| AIM OF THE TASK |
Repeat the listing exactly, line by line.

| THE DATA |
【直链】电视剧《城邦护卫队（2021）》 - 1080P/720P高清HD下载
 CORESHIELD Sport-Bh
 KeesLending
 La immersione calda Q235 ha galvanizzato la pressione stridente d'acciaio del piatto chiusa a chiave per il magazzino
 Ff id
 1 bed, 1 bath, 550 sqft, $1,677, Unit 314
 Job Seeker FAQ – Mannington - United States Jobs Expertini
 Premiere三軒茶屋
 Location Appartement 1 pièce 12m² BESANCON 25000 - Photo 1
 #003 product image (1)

| RESPONSE |
【直链】电视剧《城邦护卫队（2021）》 - 1080P/720P高清HD下载
 CORESHIELD Sport-Bh
 KeesLending
 La immersione calda Q235 ha galvanizzato la pressione stridente d'acciaio del piatto chiusa a chiave per il magazzino
 Ff id
 1 bed, 1 bath, 550 sqft, $1,677, Unit 314
 Job Seeker FAQ – Mannington - United States Jobs Expertini
 Premiere三軒茶屋
 Location Appartement 1 pièce 12m² BESANCON 25000 - Photo 1
 #003 product image (1)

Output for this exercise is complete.